フードロス等、食や農における社会課題の現状を目の当たりにしたことをきっかけに、「もったいない」を価値に変え、日本で最もフードロスを削減する会社を目指して2014年に創業した株式会社クラダシ様。

廃棄されてしまう可能性のある商品を市場に提供する1.5次流通の創出など、様々な角度から社会貢献につながる取組を展開されています。

今回は後編として、社会貢献型インターンシップ「クラダシチャレンジ」(以下、クラチャレ)で今年初開催したピッチイベントの優勝チームへのインタビューと、クラチャレの今後について紹介します。

前編はこちらからご覧ください。


2.優勝はグループ5!クラチャレ後も継続的に地域と関わっていたい、そんな想いを込めた「クラチャレ拠点KCB」とは?

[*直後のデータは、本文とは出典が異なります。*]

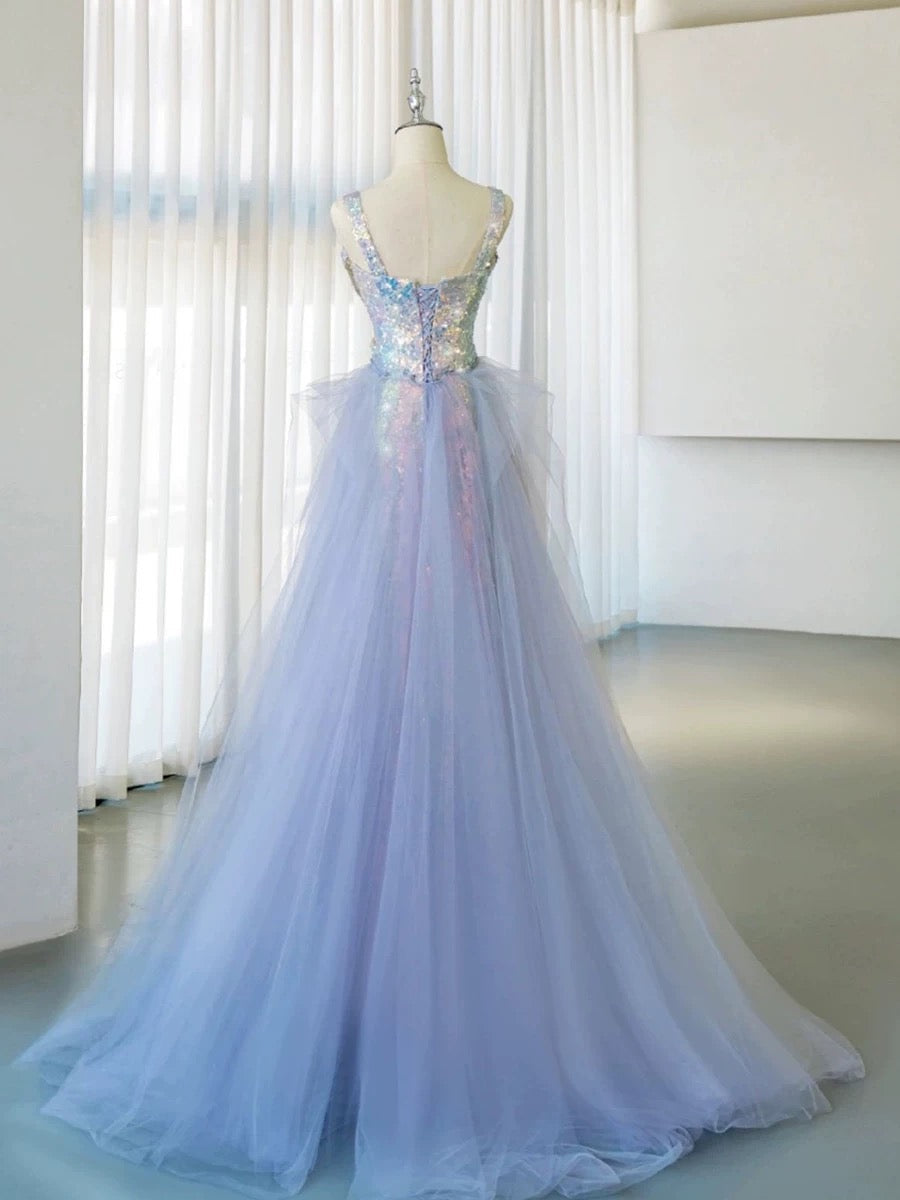 Pretty Mermaid Square Neckline Sequin Long Evening Dress Prom Dresses SD2775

和歌山県すさみ町でスルメイカ漁、京都府京丹波町で丹波栗の収穫作業を体験されたグループ5の皆さん。クラチャレに参加したきっかけや、参加してからの変化、そして未来のクラチャレの参加者に向けたメッセージなどをお聞きしました。

グループ5の皆様
(左から、長谷川 杏奈氏、各務 真帆氏、柳田 宙輝氏、板垣 真夢氏、森 輝氏)

―皆さんは、大学やお住まいも違って、色々な地域から参加しているとのことですが、今回クラチャレに参加されたきっかけについて教えてください。

【インタビュー内容】
柳田氏:自分は、大学ではアントレプレナーシップ(起業家精神)学部に在籍しています。初めて、クラチャレを知ったのは、大学でクラダシの取締役の方と面識がある学生が大学のSNSで告知しているのを見たことがきっかけです。元々大学では、西会津の米を東京でブランディングするという活動を行っているので、生産の現場を知るということは自分たちの活動とマッチしているのではないかと思い、参加を決めました。

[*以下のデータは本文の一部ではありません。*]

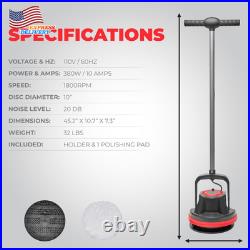 10 Heavy Duty Commercial Pad Polisher Orbiter Hard Floor Buff Cleaner Machine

長谷川氏:私は管理栄養士を目指して勉強をしているのですが、授業を受ける中で、食材や食品を取り巻く現状を実際に自分の目で見てみたいと思うようになりました。そんな時に、キャリア支援をしてくれる先生からクラチャレについて教えていただいて、応募してみることにしました。

各務氏:私はフードロスとかフェアトレードといった社会問題に感心があって、そうした問題に直接的に貢献できたり、現場を体験できるようなインターンはないかなとインターネットで探していました。それで、たまたまクラチャレを見つけて、応募したのがきっかけです。

板垣氏:自分は今、大学3年生で経済科学部に在籍しています。元々、ボランティア活動などに参加したいという思いがあり、たまたま見つけたクラチャレに応募しました。大学で勉強していることと食や農という分野については、直接的な関わりはあまりないと思いますが、何か新しいことにチャレンジできるような、ワクワクした気持ちもありましたね。

森氏:自分もアントレプレナーシップ学部に在籍しており、普段は食や農とはあまり接点のない、詩を書いたり、小説を書いたりといった創作活動をしています。大学を卒業するにあたって、これまでに経験したことのないことにチャレンジしておきたいと思っていたタイミングで、クラチャレと出会いました。農業や漁業といった、自分とは全く違う分野にチャレンジしてみたいと思ったことが応募への大きな後押しとなったと思います。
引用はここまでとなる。